On 04/16/14 13:18, Segher Boessenkool wrote:
operand[0] has a subreg taken (as operand[3]), which is modified
before operand[1] is used.
Built succesfully but I'm not set up to run the testsuite, sorry.
It fixes the testcase of course.
gcc/ChangeLog:
2014-04-16 Segher Boessenkool <seg...@kernel.crashing.org>
* config/m68k/m68k.md (extendplussidi): Add earlyclobber.
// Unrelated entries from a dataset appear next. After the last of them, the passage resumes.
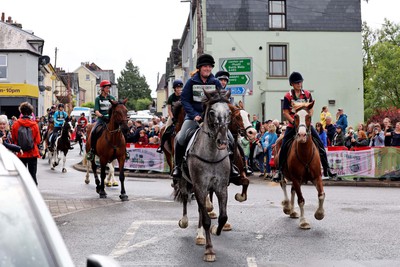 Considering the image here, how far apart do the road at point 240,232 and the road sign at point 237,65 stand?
20.0ft


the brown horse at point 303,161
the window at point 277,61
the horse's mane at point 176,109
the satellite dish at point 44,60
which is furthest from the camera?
the satellite dish at point 44,60

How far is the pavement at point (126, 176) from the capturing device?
13.4 metres

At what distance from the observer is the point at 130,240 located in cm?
974

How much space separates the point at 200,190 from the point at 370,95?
66.0m

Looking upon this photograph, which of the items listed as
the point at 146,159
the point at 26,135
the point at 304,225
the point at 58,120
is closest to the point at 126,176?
the point at 146,159

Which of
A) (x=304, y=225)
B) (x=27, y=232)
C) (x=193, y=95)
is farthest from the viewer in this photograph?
(x=304, y=225)

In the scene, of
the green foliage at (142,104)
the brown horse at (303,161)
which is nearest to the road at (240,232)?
the brown horse at (303,161)

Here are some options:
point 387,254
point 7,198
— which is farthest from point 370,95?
point 7,198

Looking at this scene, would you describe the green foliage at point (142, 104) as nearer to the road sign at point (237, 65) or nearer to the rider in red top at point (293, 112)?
the road sign at point (237, 65)

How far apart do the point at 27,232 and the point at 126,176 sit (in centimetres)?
2120

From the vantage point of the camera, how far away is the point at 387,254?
347 inches

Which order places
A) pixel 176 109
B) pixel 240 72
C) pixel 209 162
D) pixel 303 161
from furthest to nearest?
pixel 240 72 < pixel 176 109 < pixel 303 161 < pixel 209 162

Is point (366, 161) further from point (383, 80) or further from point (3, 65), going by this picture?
point (383, 80)

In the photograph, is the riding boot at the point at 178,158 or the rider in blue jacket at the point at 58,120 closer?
the riding boot at the point at 178,158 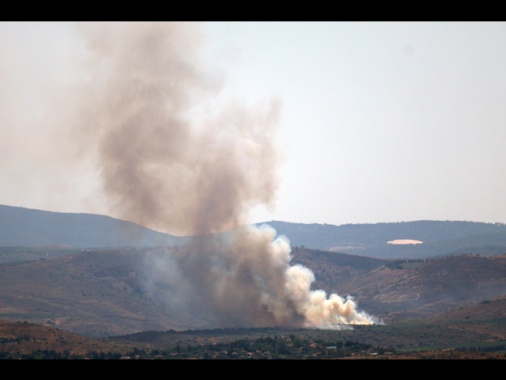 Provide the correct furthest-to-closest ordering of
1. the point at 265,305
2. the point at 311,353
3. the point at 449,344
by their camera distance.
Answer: the point at 265,305 → the point at 449,344 → the point at 311,353

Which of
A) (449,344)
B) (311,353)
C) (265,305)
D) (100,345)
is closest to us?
(311,353)

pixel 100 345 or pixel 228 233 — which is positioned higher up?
pixel 228 233

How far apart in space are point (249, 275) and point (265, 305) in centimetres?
733

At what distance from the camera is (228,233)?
184500 millimetres

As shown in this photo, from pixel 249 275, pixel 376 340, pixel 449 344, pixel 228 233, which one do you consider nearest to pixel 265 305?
pixel 249 275

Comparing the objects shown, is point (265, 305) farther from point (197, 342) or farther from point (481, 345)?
point (481, 345) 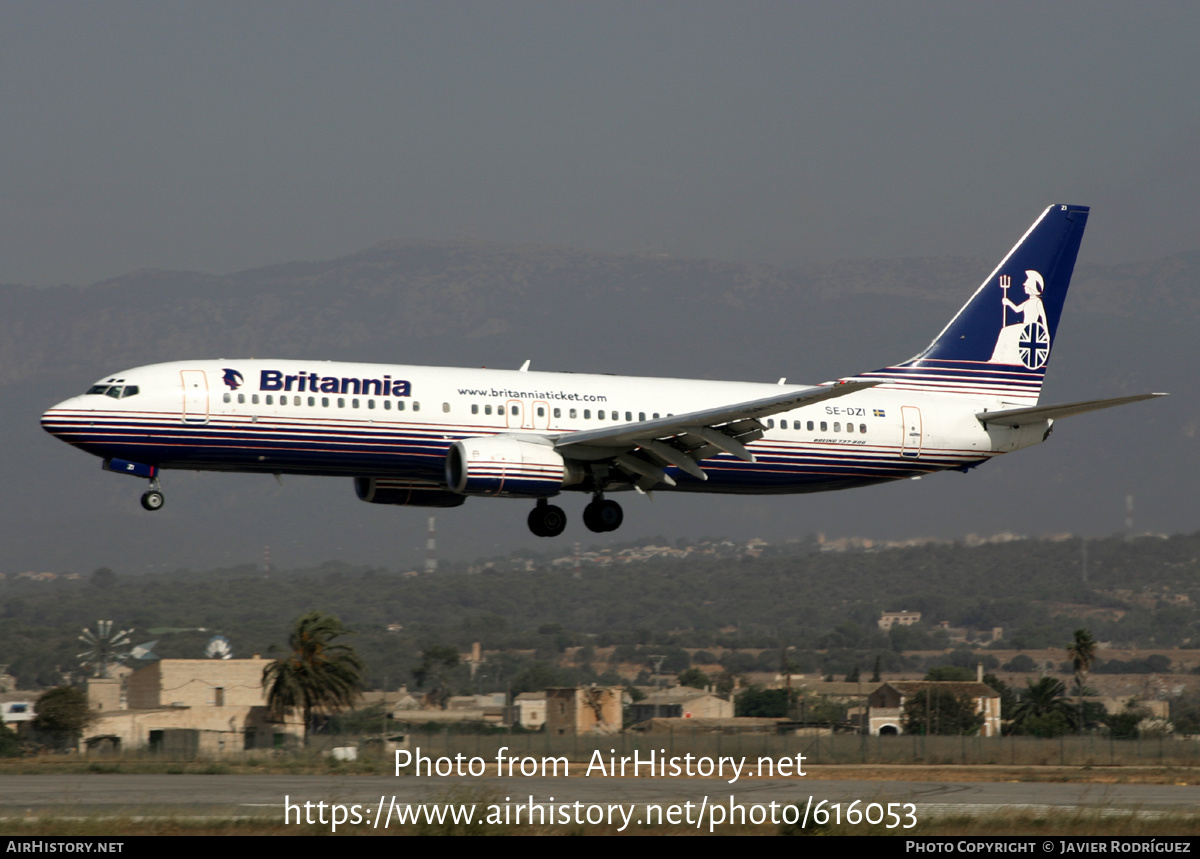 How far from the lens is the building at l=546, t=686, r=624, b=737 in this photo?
6175cm

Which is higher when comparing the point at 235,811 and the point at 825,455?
the point at 825,455

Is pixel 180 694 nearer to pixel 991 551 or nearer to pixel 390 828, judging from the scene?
pixel 390 828

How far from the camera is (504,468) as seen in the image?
37.8 m

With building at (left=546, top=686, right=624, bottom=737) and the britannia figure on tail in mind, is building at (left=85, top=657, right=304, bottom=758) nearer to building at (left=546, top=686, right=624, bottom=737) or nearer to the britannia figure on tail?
building at (left=546, top=686, right=624, bottom=737)

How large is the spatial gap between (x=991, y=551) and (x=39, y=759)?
118 meters

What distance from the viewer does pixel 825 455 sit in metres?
43.3

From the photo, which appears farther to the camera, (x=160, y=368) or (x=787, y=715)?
(x=787, y=715)

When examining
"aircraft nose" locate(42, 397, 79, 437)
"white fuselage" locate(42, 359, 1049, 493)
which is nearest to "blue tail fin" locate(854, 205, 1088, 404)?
"white fuselage" locate(42, 359, 1049, 493)

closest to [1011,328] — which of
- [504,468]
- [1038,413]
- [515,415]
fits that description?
[1038,413]

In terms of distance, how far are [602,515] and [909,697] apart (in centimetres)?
4060

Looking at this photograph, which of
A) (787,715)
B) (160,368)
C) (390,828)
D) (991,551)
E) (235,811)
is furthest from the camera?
(991,551)

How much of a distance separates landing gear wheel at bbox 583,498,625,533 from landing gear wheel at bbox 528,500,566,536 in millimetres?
699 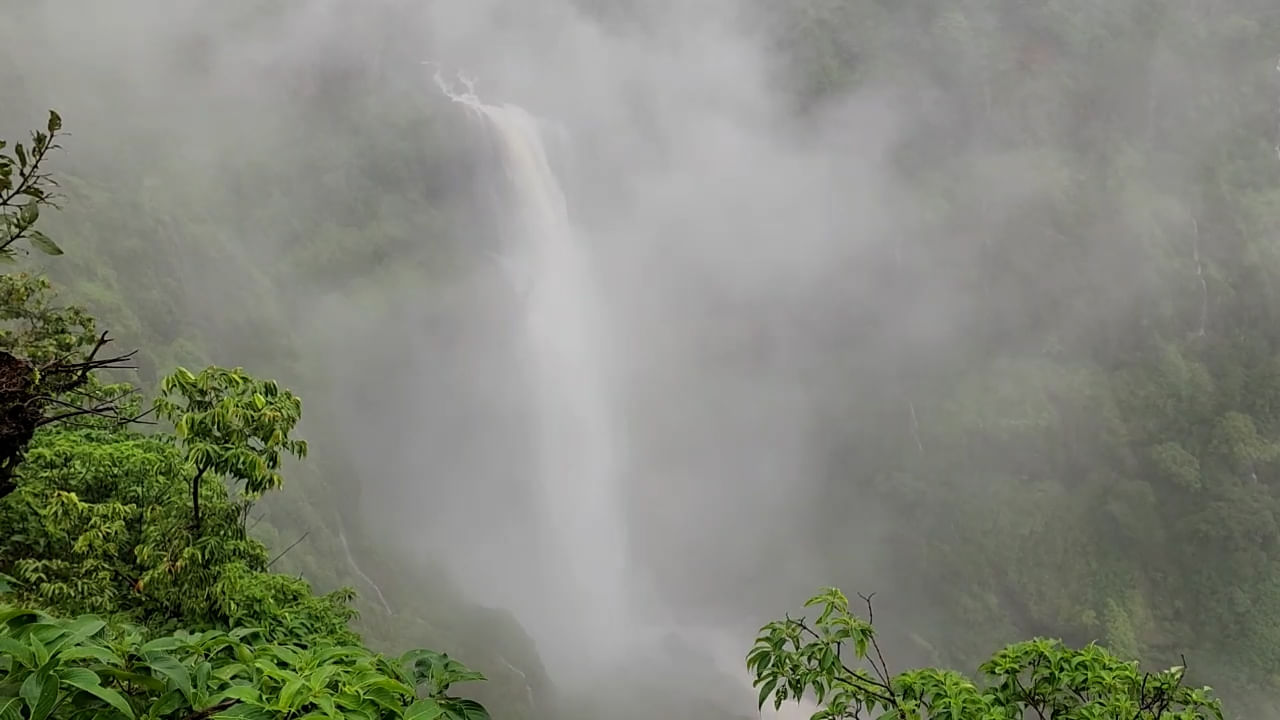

But in the case where writing operand3 would overwrite operand1,
shouldn't we have have used the true arm of this statement:
if (GET_CODE (operands[1]) == REG
&& REGNO (operands[1]) == REGNO (operands[3]))
output_asm_insn ("add%.l %2,%3", operands);
else
output_asm_insn ("move%.l %2,%3\;add%.l %1,%3", operands);
Looking at the .reload dump I see:
(insn 11 33 14 2 (set (reg:DI 0 %d0 [orig:47 D.1394 ] [47])
(sign_extend:DI (plus:SI (mem:SI (plus:SI (reg/v/f:SI 8 %a0
[orig:40 p ] [40])
(reg:SI 1 %d1 [44])) [3 p_4(D)->a+0 S4 A16])
(mem:SI (plus:SI (reg/v/f:SI 8 %a0 [orig:40 p ] [40])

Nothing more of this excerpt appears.